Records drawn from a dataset
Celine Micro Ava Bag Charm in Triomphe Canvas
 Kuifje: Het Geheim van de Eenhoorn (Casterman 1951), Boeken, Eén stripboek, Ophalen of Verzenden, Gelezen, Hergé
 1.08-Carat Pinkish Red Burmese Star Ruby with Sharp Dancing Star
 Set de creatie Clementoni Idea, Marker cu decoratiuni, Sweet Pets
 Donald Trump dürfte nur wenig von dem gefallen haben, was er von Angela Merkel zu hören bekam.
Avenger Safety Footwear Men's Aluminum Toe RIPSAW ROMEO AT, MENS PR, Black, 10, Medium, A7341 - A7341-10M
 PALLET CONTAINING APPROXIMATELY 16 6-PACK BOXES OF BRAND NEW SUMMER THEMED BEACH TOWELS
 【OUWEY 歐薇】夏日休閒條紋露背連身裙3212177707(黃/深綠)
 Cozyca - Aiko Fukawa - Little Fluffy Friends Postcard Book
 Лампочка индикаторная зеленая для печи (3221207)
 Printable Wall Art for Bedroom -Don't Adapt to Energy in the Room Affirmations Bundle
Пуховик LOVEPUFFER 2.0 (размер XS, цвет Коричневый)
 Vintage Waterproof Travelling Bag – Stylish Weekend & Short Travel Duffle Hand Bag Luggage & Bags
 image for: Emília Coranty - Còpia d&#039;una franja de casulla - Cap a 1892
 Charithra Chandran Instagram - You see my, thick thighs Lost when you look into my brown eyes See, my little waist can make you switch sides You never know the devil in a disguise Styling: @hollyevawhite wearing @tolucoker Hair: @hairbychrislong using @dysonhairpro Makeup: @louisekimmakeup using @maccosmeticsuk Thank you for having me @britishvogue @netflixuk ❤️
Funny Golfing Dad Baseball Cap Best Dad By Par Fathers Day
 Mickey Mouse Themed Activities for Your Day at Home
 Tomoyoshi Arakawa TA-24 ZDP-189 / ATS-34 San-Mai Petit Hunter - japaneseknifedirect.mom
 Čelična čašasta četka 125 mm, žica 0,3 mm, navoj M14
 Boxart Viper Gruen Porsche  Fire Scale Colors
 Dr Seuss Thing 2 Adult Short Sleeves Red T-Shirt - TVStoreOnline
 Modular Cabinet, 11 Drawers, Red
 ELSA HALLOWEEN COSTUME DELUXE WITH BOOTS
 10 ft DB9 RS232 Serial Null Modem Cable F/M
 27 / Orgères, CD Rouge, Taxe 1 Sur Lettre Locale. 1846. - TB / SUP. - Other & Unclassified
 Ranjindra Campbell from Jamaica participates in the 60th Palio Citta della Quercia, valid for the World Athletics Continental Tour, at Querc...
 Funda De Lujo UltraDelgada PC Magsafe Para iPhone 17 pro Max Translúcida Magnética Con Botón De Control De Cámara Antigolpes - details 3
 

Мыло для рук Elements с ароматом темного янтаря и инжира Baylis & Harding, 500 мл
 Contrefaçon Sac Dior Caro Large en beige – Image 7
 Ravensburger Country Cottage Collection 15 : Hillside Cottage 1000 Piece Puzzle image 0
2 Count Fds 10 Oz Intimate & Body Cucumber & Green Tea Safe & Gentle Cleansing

Required action:
Copy the records above exactly, beginning at the line that contains "Mickey Mouse Themed" and stopping after the line that contains "Modular Cabinet, 11 Drawers, Red".

Result for this exercise:
 Mickey Mouse Themed Activities for Your Day at Home
 Tomoyoshi Arakawa TA-24 ZDP-189 / ATS-34 San-Mai Petit Hunter - japaneseknifedirect.mom
 Čelična čašasta četka 125 mm, žica 0,3 mm, navoj M14
 Boxart Viper Gruen Porsche  Fire Scale Colors
 Dr Seuss Thing 2 Adult Short Sleeves Red T-Shirt - TVStoreOnline
 Modular Cabinet, 11 Drawers, Red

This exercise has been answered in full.